Lo ya dicho lleva consigo una consecuencia de no menos sentido común. Ese mínimo ético ha de ser contenido indispensable de cualquier maximalismo moral. Pretender que una supuesta misericordia –que más de una vez puede ser mero síntoma de debilidad– pueda tolerar injusticias, desprecia el mínimo ético jurídicamente propuesto. Quizá una tendencia clerical a suscribirlo puede explicar que –incluso en ámbitos religiosos– haya incidido la lacra social de la pedofilia. No ha faltado algún pontífice que se haya visto obligado a recordar que con la injusticia no se juega, con ocasión de posibles «requerimientos seudopastorales».

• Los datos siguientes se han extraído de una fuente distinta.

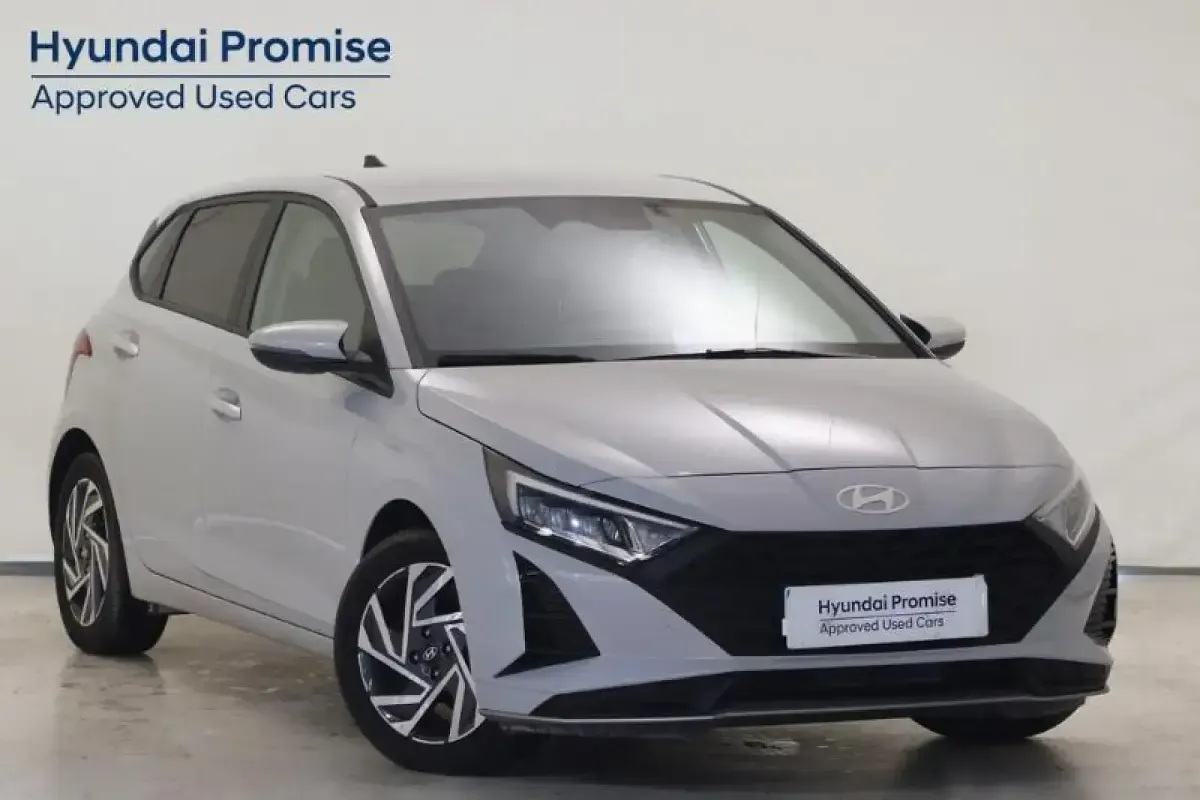 Usado Hyundai i20 100 CV (73 kW) 2025 Gris/plata Utilitario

La objeción de conciencia, a la que ya nos hemos referido, es campo en el que resulta frecuente malentender la relación entre Derecho y Moral. Cuando esto ocurre, se genera un vértigo que inclina a una actitud restrictiva. En el fondo late el olvido de que la objeción de conciencia es ante todo un derecho y no el fruto de una indebida supremacía de lo moral sobre lo jurídico. El derecho a la objeción es síntoma de la madurez democrática del ordenamiento, pues se trata de respetar con su reconocimiento el juego práctico de un derecho fundamental. Asunto distinto es que haya que constatar la seriedad de la actitud del objetor, evitando cualquier instrumentalización picaresca de actitud tan digna de respeto.

Normativismo

No deja, por último, de tener relación con el problema que abordamos una segunda polémica, menos resaltada, que juega en paralelo a la ya señalada entre iusnaturalismo y positivismo. Esta segunda matriz teórica tendía a caer en el normativismo, amparado en la existencia de un sistema jurídico cuya plenitud haría superfluo y malicioso cualquier intento de dar entrada a elementos no contenidos ya en la norma puesta. Napoleón hizo famosa tal postura con su pintoresca prohibición de que el Código Civil fuera  objeto de  interpretación. Cuando llegaba a admitirse la posible existencia de lagunas en el sistema, se confiaba su eliminación a la entrada en juego de unos principios generales del Derecho que –en teoría– no aportarían nada que no estuviera ya implícito en él. Algo así como un zumo obtenido de los contenidos legales convertido en espray con el que calafatear las porosidades advertidas. 

En realidad, buena parte de las actuales Constituciones, como refleja el capítulo tercero del título primero de la nuestra, reconocen la existencia de unos principios prelegales, cuyo respeto y protección «informará la legislación positiva, la práctica judicial y la actuación de los poderes públicos» (art. 53.3 CE).